Staging and Treatment

  • Staging: Staging involves determining the extent of the cancer, including whether it has spread to lymph nodes or other parts of the body. This information helps guide treatment decisions and prognosis[1][2][4].
  • Treatment: Treatment options for lung cancer include surgery, chemotherapy, radiation therapy, targeted therapy, and immunotherapy. The choice of treatment depends on the type and stage of the cancer, as well as the patient’s overall health[1][2][4].

Treatment and Management

Treatment for lung cancer in Kenya depends on the type and stage of the cancer, as well as the individual’s overall health. Treatment options may include surgery, chemotherapy, immunotherapy, radiation therapy, and targeted drug therapy. Access to these treatments can be challenging in resource-limited settings, highlighting the need for improved healthcare infrastructure and funding for cancer care in Kenya.
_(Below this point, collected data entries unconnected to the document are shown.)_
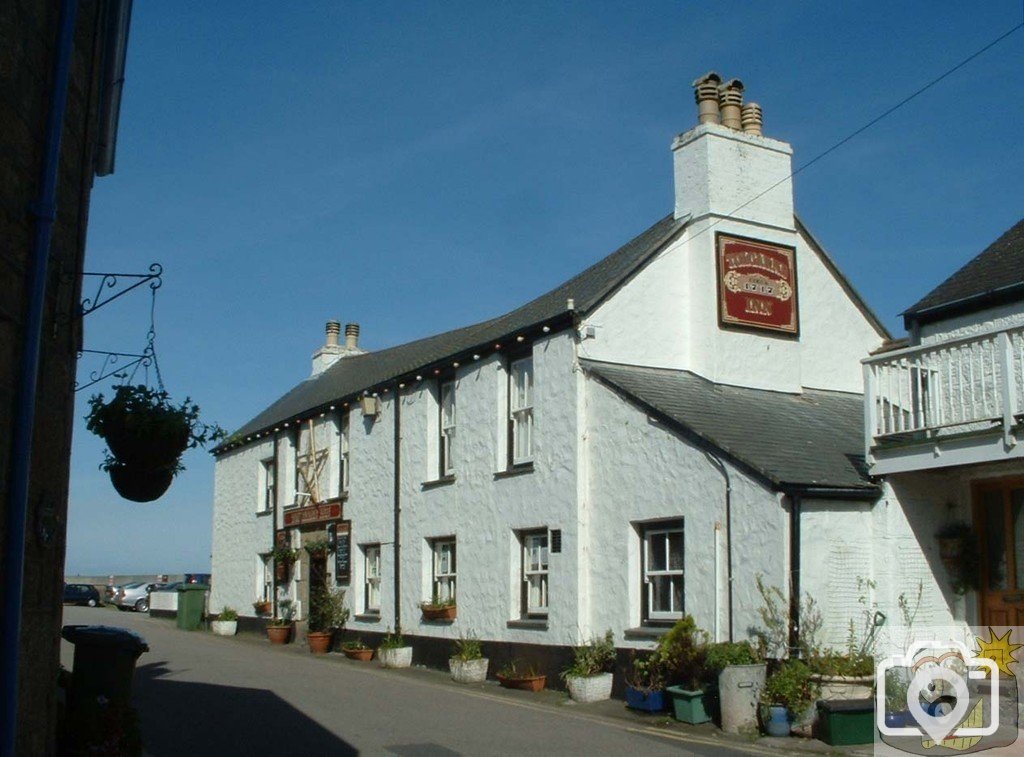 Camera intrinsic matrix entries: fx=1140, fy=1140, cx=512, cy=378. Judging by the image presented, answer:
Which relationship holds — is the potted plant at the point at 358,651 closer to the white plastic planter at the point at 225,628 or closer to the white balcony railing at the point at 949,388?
the white plastic planter at the point at 225,628

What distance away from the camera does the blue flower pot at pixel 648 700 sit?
14047 millimetres

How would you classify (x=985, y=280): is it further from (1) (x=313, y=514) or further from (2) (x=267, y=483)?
(2) (x=267, y=483)

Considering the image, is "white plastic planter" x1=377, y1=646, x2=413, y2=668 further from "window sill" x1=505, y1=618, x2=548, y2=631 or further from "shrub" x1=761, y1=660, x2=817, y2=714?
"shrub" x1=761, y1=660, x2=817, y2=714

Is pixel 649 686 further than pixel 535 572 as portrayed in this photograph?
No

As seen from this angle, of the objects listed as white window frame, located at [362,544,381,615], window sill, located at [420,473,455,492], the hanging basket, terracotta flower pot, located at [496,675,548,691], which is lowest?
terracotta flower pot, located at [496,675,548,691]

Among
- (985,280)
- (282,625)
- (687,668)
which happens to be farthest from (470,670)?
(985,280)

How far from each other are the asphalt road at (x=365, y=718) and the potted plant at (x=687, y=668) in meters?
0.35

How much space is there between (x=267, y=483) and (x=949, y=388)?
20211 mm

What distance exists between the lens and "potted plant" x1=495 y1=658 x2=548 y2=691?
1677 centimetres

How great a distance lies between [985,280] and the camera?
15.7m

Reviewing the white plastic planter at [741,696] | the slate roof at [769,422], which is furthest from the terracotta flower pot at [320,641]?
the white plastic planter at [741,696]

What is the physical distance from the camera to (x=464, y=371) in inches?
794

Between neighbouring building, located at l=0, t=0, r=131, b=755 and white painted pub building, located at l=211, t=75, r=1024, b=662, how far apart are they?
6675 millimetres

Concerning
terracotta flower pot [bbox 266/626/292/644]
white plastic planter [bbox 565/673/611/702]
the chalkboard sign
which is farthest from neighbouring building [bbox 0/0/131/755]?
terracotta flower pot [bbox 266/626/292/644] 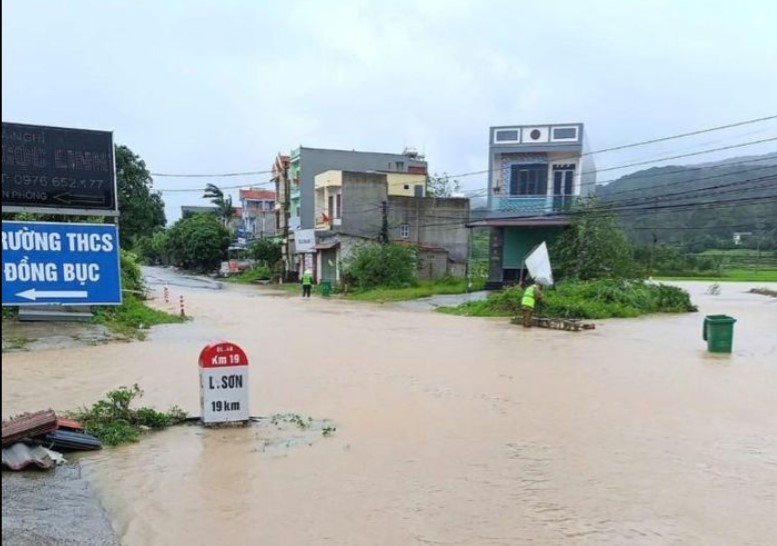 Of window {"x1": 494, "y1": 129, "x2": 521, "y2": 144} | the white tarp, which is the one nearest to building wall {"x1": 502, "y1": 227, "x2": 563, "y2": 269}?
window {"x1": 494, "y1": 129, "x2": 521, "y2": 144}

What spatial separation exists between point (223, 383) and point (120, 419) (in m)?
1.25

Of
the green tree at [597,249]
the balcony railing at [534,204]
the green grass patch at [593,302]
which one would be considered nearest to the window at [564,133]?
the balcony railing at [534,204]

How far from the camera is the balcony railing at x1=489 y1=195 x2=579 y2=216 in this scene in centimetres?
3456

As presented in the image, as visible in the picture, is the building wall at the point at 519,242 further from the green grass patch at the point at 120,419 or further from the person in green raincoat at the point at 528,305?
the green grass patch at the point at 120,419

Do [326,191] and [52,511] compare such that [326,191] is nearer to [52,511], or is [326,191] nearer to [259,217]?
[259,217]

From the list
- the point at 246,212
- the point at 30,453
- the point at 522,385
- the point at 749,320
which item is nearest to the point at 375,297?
the point at 749,320

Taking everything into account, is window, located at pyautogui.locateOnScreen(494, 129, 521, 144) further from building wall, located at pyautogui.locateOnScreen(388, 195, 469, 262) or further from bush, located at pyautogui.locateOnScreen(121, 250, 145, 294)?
bush, located at pyautogui.locateOnScreen(121, 250, 145, 294)

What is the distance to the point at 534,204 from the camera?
3531 centimetres

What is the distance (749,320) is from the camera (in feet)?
80.5

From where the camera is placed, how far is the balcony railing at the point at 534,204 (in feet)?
A: 113

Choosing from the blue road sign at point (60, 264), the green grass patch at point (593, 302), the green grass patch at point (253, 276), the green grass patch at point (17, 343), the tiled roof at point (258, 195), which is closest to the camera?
the green grass patch at point (17, 343)

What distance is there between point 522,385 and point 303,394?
3976 mm

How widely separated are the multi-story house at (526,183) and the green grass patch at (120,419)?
28.3 m

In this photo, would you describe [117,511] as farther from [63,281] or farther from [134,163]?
[134,163] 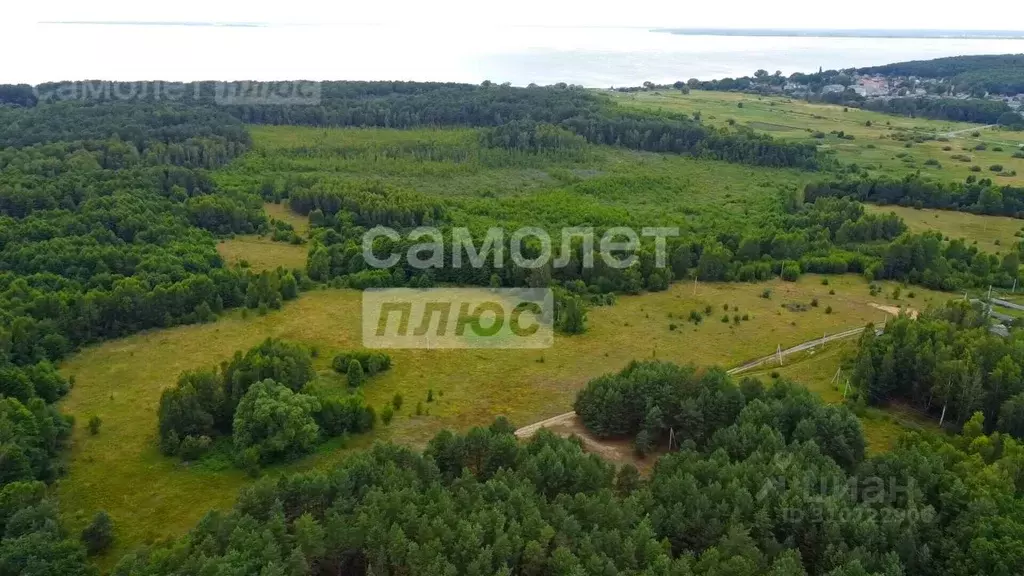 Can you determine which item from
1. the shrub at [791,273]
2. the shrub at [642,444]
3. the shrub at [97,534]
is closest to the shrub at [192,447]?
the shrub at [97,534]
The information provided on this medical blog is for general informational purposes only and should not be considered as a substitute for professional medical advice. Always consult with a qualified healthcare provider before making any healthcare decisions or taking any actions based on the information provided on this blog. The authors and publishers of this blog are not liable for any errors or omissions in the content or for any actions taken based on the information provided.